Climbing Out of the Jungle
Upon my graduation from the Naval Academy, I was granted three months of temporary assigned duty to train for an invitation to the Olympic rowing camp. During the previous summer, I had competed in the Olympic Festival, medaled in both races, and received an offer from a former Olympic sculler (rower with two oars) to coach me upon graduation. I postponed my entrance into SEAL training and moved to Philadelphia to train for the summer races in hopes of gaining the attention of Olympic rowing coaches. The number one thing I remember from my coach who had narrowly lost out on medaling in the Olympics in the 70’s was his focus on incremental speed. I can still hear his thick Irish accent as he repeatedly said “Olllden, every stroke yah take yah either goin’ fahstah or slowah—make each stroke fahstah even if it’s just ah millimetah quickah—fahstah wins races.” He was a wonderful coach who was highly focused on one thing: “goin’ fahstah every stroke.”

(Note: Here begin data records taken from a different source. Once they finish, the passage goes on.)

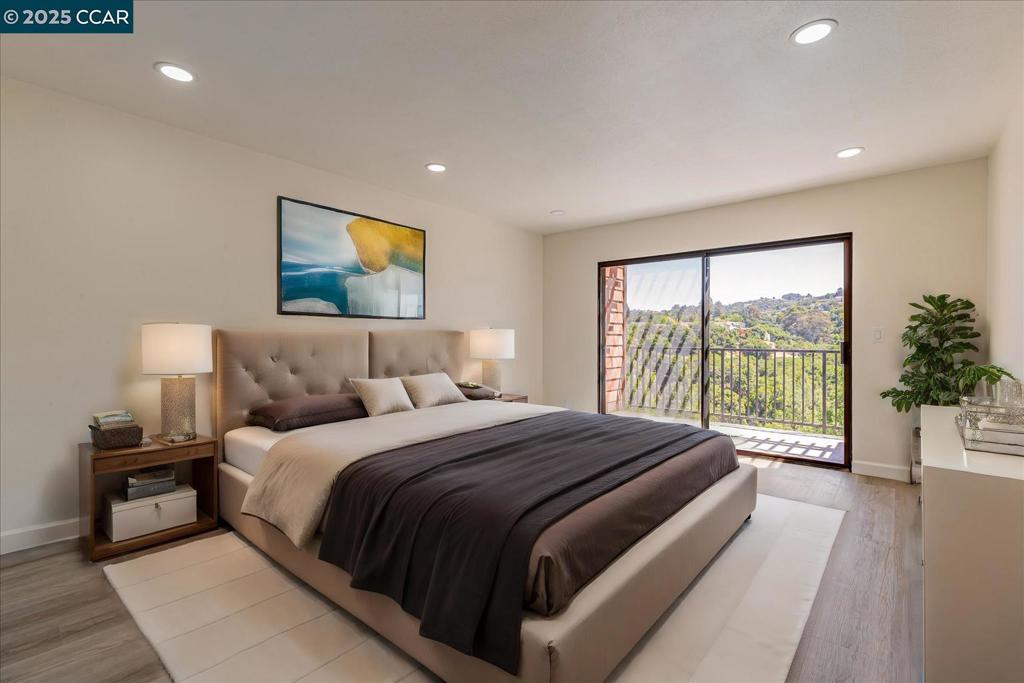 HAYWARD HILLS - Residential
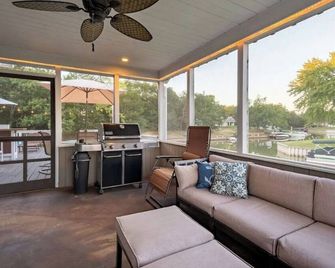 Escape Reality Docked on Sand Point - Pigeon - Living room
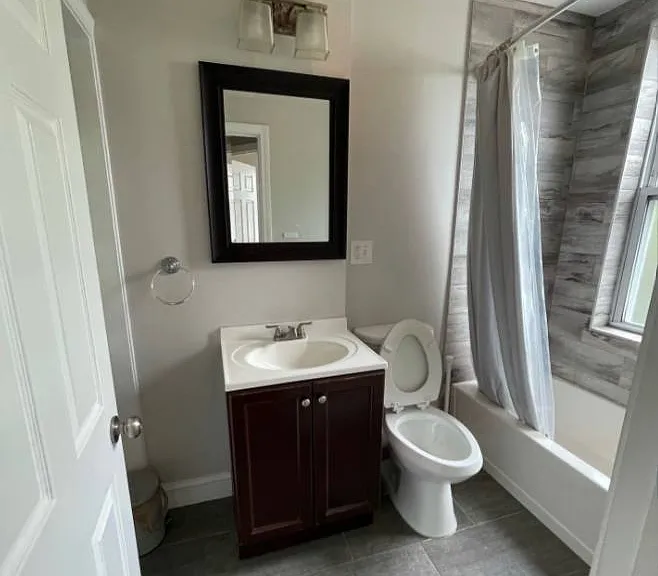 241 Maverick St #3 — Photo 6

I did eventually earn that invitation to the Olympic sculling camp, but turned it down when the Navy offered me an ultimatum—keep rowing or go to SEAL training; you can’t have both. I haven’t rowed competitively in long time—although, my oldest son just might bring me out of over two decades of rowing retirement!—but I’ve put that Irish Coach’s philosophy to work every chance I get. One place I find myself using it frequently is when I climb mountains. When I turned 40, mountain climbing became my new physical hobby. I like the idea of walking up something—I stress the word “walk”—running has never been my favorite exercise. While mountain climbing isn’t a race—at least not with the folks I climb with—it is very much like rowing. A simple repetitive motion (walking) that requires a high degree of suffering. Enter my coach’s philosophy. When you’re climbing a mountain or rowing in a race, you are faced with options regarding what you focus on. In the beginning of either endeavor, it’s easy to focus on the movement itself, but as the exercise continues, the pain of exertion is like an increasingly demanding customer vying for your undivided attention. The problem is that the more you focus on the pain, the more you feel the pain—and that doesn’t help you win a race or climb a mountain. It’s during these moments when I force myself to recall the Irish twang of my rowing coach to “focus on goin’ fahstah.”

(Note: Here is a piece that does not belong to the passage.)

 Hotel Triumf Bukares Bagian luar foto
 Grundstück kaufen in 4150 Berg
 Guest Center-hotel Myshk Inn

When I climbed Denali last spring, there were days of directing my focus to making my next step better than the last one. Had I focused on how heavy my pack weighed (up to 70 lbs), or how cold it was, or how out of breath I was, or how tired I was, then my pace would have slowed down and I would have slowed the team down as well. The same concept applies when you are “walking through the jungle” or when you’ve climbed out of the jungle and are starting the long arduous ascent toward summiting your goal. If it’s a really big goal like any really big mountain such as Denali, you’ll be climbing for quite some time before you can even see the summit. On Denali, 13 days passed before we saw the summit—in fact, we did not see the summit until 120 minutes prior to actually reaching it! Conquering your goal requires steadfast focus on the actions that will help you achieve it. One of the most important habits you can create is the habit of filtering your focus to those actions that help you—for there are so many other actions than can hinder you. It doesn’t matter which proverbial mountain you chose to climb this year—every one comes with plenty of distractions to slow you down, and we all know “slowah” doesn’t win races. Keep your focus on going All in—picking those actions that help you move forward—it may not seem like you’re always making much progress, but even a millimeter forward is still forward progress.